En esta zona de la diferenciación de marcas, la ropa es otro aspecto sobre el que vale la pena reflexionar. Un padre elegiría la ropa de sus hijos basándose no sólo en cuestiones de gusto, sino también de durabilidad y precio. El chico elige de acuerdo con la moda, el impacto que pueden causar ciertas marcas entre sus compañeros de colegio y sus amigos.

Conformar criterios adultos
La segmentación del mercado infantil tiene como una de sus consecuencias que el chico o la chica ya no tome como referencia el atuendo de su padre o de su madre o el que ellos le proponen sino el de sus pares o lo que se le ofrece dentro de la publicidad o las vidrieras.
Aquí se produce una paradoja interesante.
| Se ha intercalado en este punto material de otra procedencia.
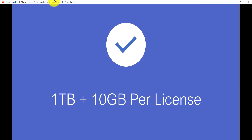When you sign up for Office 365, you get 1 TB plus 10 GB per license. For example, if you took 10 licenses, you'd get an additional 100 GB on top of the 1 TB base. That's how your default storage space is calculated. If you need more, you can purchase additional storage.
El niño debe adoptar criterios adultos para lograr formar parte de ese mercado donde es valorado, tanto en el sentido afectivo como económico del término. Pero, a su vez, debe seguir manteniendo actitudes infantiles para ocupar el segmento que le corresponde. Para decirlo de otra manera, es y no es un adulto, es y no es un niño. Con lo cual ser niño en ese mercado –ya hablaremos en un próximo capítulo de los que están fuera de cualquier mercado, convertidos en mercancía- es una situación tan ambivalente como incómoda. Lo notable es que esa inestabilidad es la que aparece cada vez con más frecuencia en el mundo de la representación, tal como se ha mostrado en páginas anteriores. Niños que no son del todo tales, presentados como modelos para otros niños. Chicos que a su vez han quedado convertidos en sujetos en permanente estado de deseo, porque el consumo que se les impone es aún más salvaje que el que se les propone a los adultos, justamente porque se trata de un consumo que se presenta como no ligado a ley racional alguna.
Quizás como complemento de esta situación, quienes ofrecen las mercancías que podrían consumir o hacer consumir los chicos, los colocan en situación de ser objetos de deseo. Se busca al niño para que consuma como niño y para que obligue al adulto a consumir. Pero para que ocupe ese lugar hay que involucrarlo en más de una dimensión. Ese deseo no es sólo el de captar su voluntad, su cuerpo también está en juego. No extraña entonces que se le pida que lo ofrezca, que lo sexualice.


* Extractado de
La infancia abusada. Pedofilia y sociedad, Marcos Mayer, Capital Intelectual, Buenos Aires, 2009.